In multivariable calculus, partial derivatives are an essential concept, especially when dealing with functions of more than one variable. They measure how a function changes as each input variable changes, while keeping all other variables constant. For example, if we have a function \(f(x, y) = \sqrt{x^2 + y}\), we can find its partial derivatives with respect to \(x\) and \(y\).

• The partial derivative with respect to \(x\), denoted as \(f_x\), is found by differentiating \(f\) treating \(y\) as a constant. It results in \(f_x = \frac{x}{\sqrt{x^2 + y}}\).
• The partial derivative with respect to \(y\), denoted as \(f_y\), is found by differentiating \(f\) treating \(x\) as a constant. It results in \(f_y = \frac{1}{2\sqrt{x^2 + y}}\).

Partial derivatives help us understand the directional rate of change of the function along the \(x\) and \(y\) axes.

Linear approximation is a method used to estimate the value of a function at a point by using its tangent plane or line. It's particularly useful when the point of interest is very close to a point where you can easily compute the function and its derivatives, known as the expansion point.
To approximate \(f(x, y)\) at \((3.02, -4.98)\), we choose a nearby simple point, like \((3, -5)\), where calculations are straightforward. At this point:

• \(f(3, -5) = 2\)
• \(f_x(3, -5) = \frac{3}{2}\)
• \(f_y(3, -5) = \frac{1}{4}\)

The linear approximation formula used here is: \[df = f_x(3, -5) \cdot \Delta x + f_y(3, -5) \cdot \Delta y\] Where \(\Delta x = 0.02\) and \(\Delta y = 0.02\), which yields \(df = 0.035\). This tells us how the function value changes as we move from \((3, -5)\) to \((3.02, -4.98)\).

Function approximation involves estimating a function's value near a given point using known information. In the example of \(f(x, y)\), approximation is executed by identifying an accessible nearby point and calculating the derivative values there. This approach simplifies complex calculations by using simpler values.

• By evaluating \(f(3, -5)\) directly, we find a straightforward number to work with: \(2\).
• The derivatives \(f_x(3, -5) = \frac{3}{2}\) and \(f_y(3, -5) = \frac{1}{4}\) facilitate understanding how the function behaves in different directions.

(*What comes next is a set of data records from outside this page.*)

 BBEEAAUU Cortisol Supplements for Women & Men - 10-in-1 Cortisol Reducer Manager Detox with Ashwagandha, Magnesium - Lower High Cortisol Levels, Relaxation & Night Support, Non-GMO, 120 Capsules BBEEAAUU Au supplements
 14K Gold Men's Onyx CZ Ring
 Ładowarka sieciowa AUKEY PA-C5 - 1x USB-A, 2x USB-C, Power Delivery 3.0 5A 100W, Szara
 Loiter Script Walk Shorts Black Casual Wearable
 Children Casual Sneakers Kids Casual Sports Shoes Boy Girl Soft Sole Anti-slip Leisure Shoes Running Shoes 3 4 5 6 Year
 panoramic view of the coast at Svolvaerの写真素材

With this information, we utilize these values to estimate \(f(x, y)\) at \( (3.02, -4.98)\). Such techniques are foundational to numerical analysis and other practical applications of calculus.

Problem solving in calculus often requires a structured approach to break down complex tasks into manageable steps. In the exercise, to find \(f(3.02, -4.98)\), we followed a series of logical steps:

• Identify and express the function.
• Compute the partial derivatives \(f_x\) and \(f_y\).
• Evaluate these derivatives at a nearby simple point, \((3, -5)\).
• Use the linear approximation formula to estimate the change \(df\).
• Combine this with the function’s value at \((3, -5)\) to estimate \(f(3.02, -4.98)\).

This method highlights how calculus can solve real-world problems by approximating values that are otherwise difficult to compute precisely.